§ BRIEF: Could every line of the listing be output exactly, with the pictures skipped?

§ GIVEN INFORMATION:
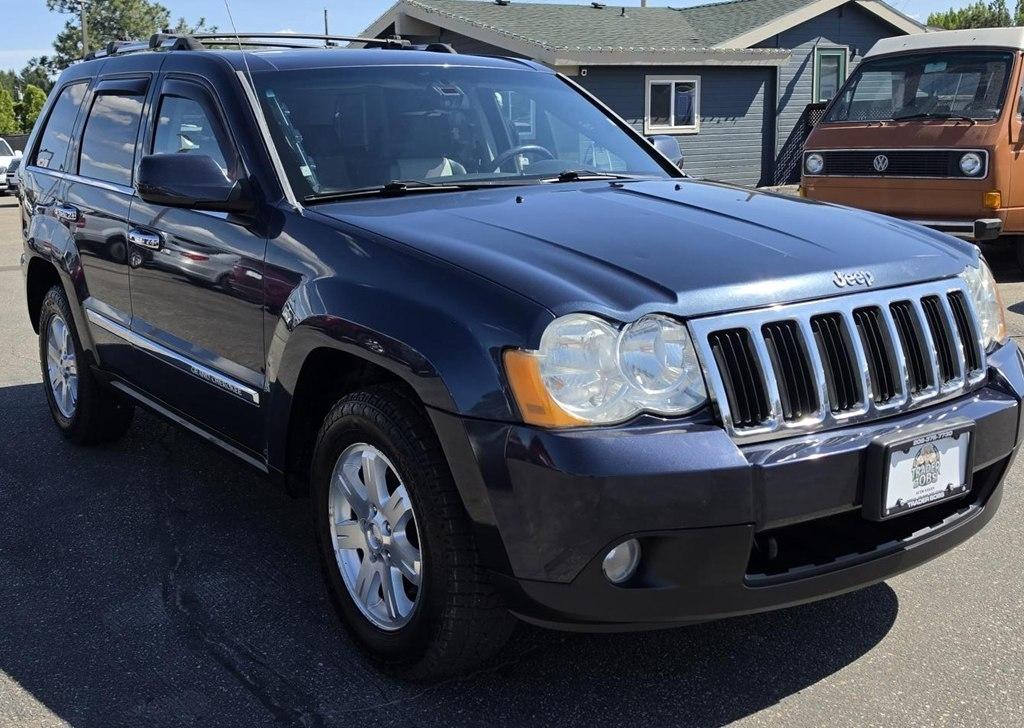 Jeep Grand Cherokee  2010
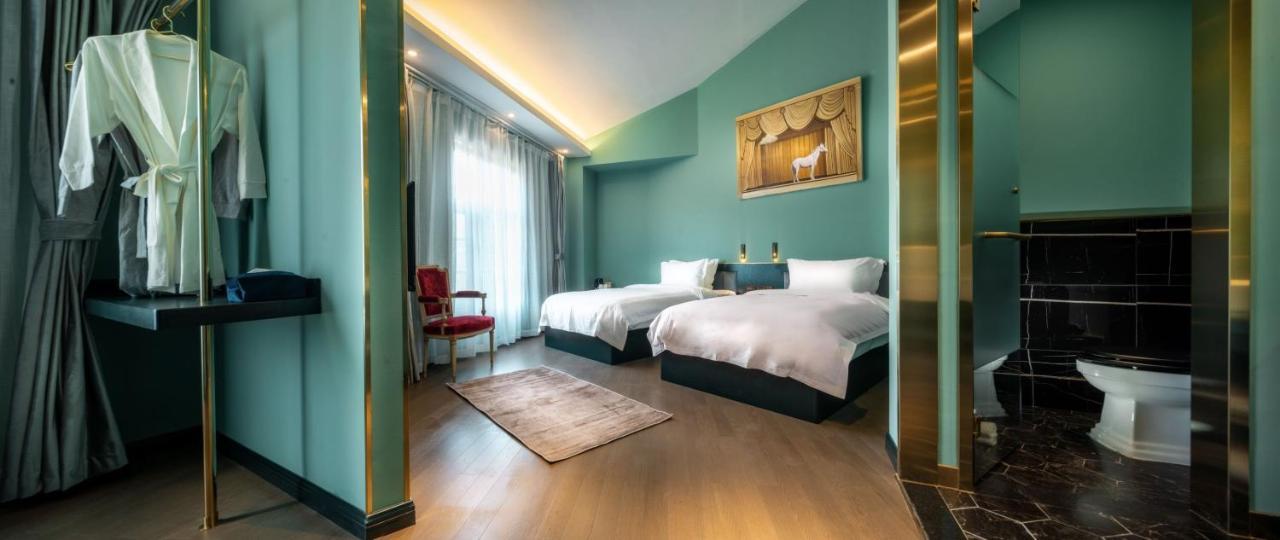 Moon And Chalice Boutique Hotel Куньмин Экстерьер фото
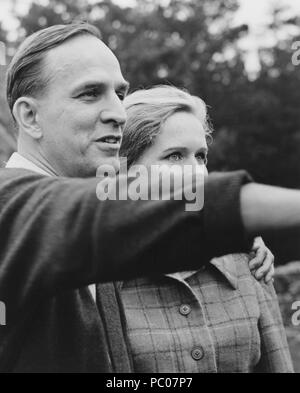 Ingmar Bergman avec Liv Ullmann. L'actrice norvégienne. Liv Ullmann Ingmar Bergmans était partenaire. Années 1960 Banque D'Images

§ SOLUTION TO THIS TASK:
 Jeep Grand Cherokee  2010
 Moon And Chalice Boutique Hotel Куньмин Экстерьер фото
 Ingmar Bergman avec Liv Ullmann. L'actrice norvégienne. Liv Ullmann Ingmar Bergmans était partenaire. Années 1960 Banque D'Images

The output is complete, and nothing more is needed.